This is a topic for a separate article, but the bottom line is:
You cannot simply update a single package (OpenSSL library) to a new major version, because the dependencies of the newer version may not be compatible with dependencies currently installed, and the other installed packages (e.g. web servers) which depend on OpenSSL may not be compatible with the newer version of it.
In the end, instead of upgrading just a single package, you may end up with upgrading the whole operating system.
Imagine the situation:
You have a flat tire on your new car. You come to a service station and ask them to repair the puncture, but they say they cannot do that because your tire is too old to be repaired and has reached the end of life.

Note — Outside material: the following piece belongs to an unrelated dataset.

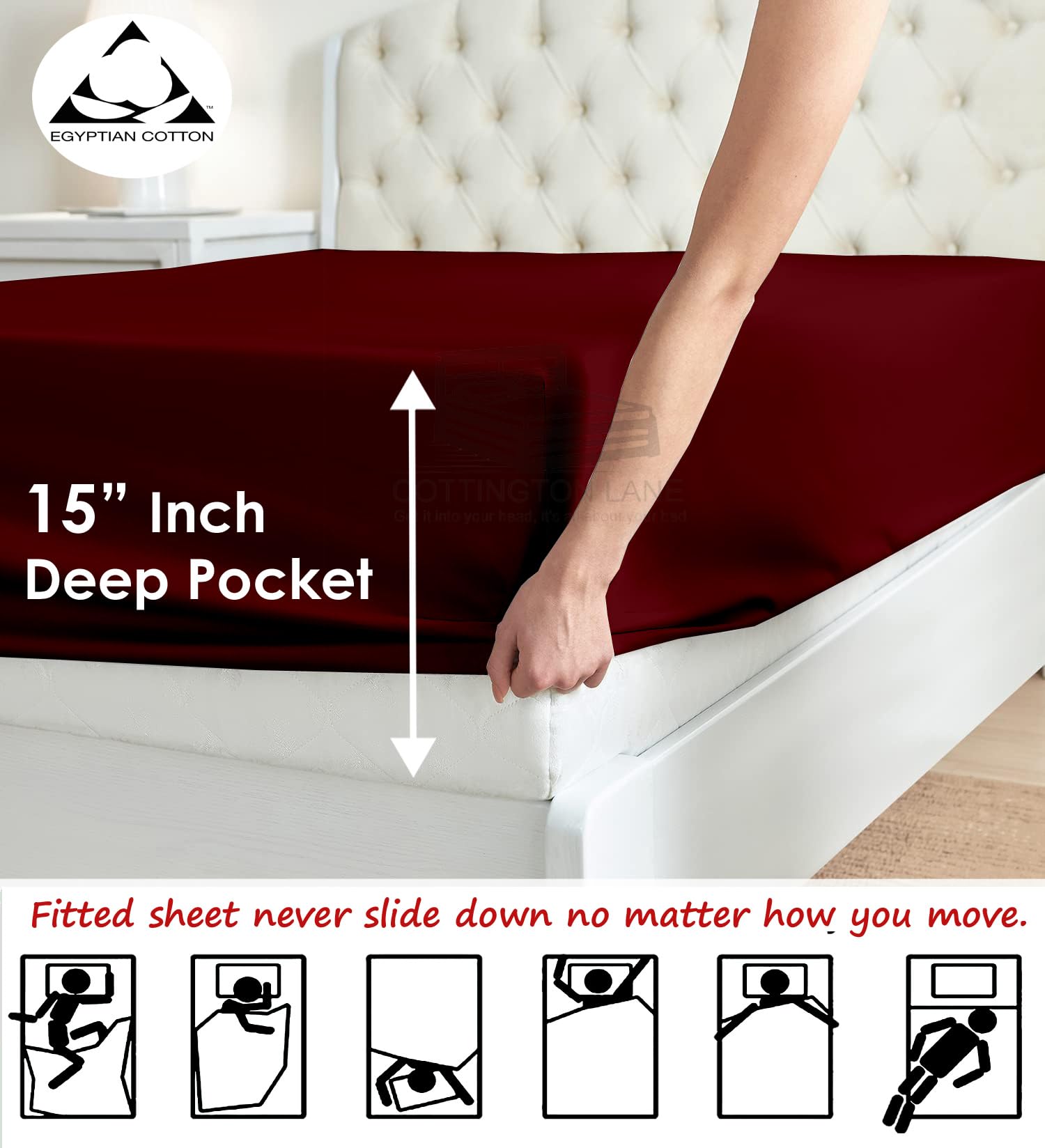 Split King Sheets Set - 100% Cotton 600 Thread Count 5-Piece Adjustable Bed Sheet Set for Split King Size Beds (Burgundy) - Perfect for Adjustable Beds, Couples with Different Comfort Preferences, and Master Bedrooms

You say it is okay and ask them to sell a new tire, but they say that no new tires are compatible with your car and the only available option you have is buying a new car; even though your car is just 2 years old.
This is essentially what happens in the software industry.
For instance, CentOS 7 is a very popular operating system for web servers. And as of June 2020, it is in the active support stage with the end of life set to be in 2024.
However, the package manager of CentOS 7 will only let you work with 1.0 branch of OpenSSL which reached the end of life at the end of 2019. It makes this relatively modern operating system obsolete if you want to work with modern TLS cryptography.
Soon after Sectigo's root certificate had expired, a holy war has begun between software developers and system administrators.
The developers demanded the expired certificate to be removed from the SSL bundle the web servers were sending. The system administrators insisted that the developers should update their own technology stack because only completely outdated systems could not properly deal the cross-signed root certificates where one of them had expired (“I trust Michael, but Michael is a son of Vito and Vito is dead” situation).
The industry (and the common sense) were on the system administrators' side. All SSL certificate providers who use Sectigo’s certificates and Sectigo themselves issued statements weeks before the expiration date that no action was required, that cross-signing should do its job, that 10 years is more than enough to update the root CA bundles, that amongst several available chains of trust the software should pick the one that is valid, etc.
Nevertheless, some part of the software industry was not prepared for this trivial event.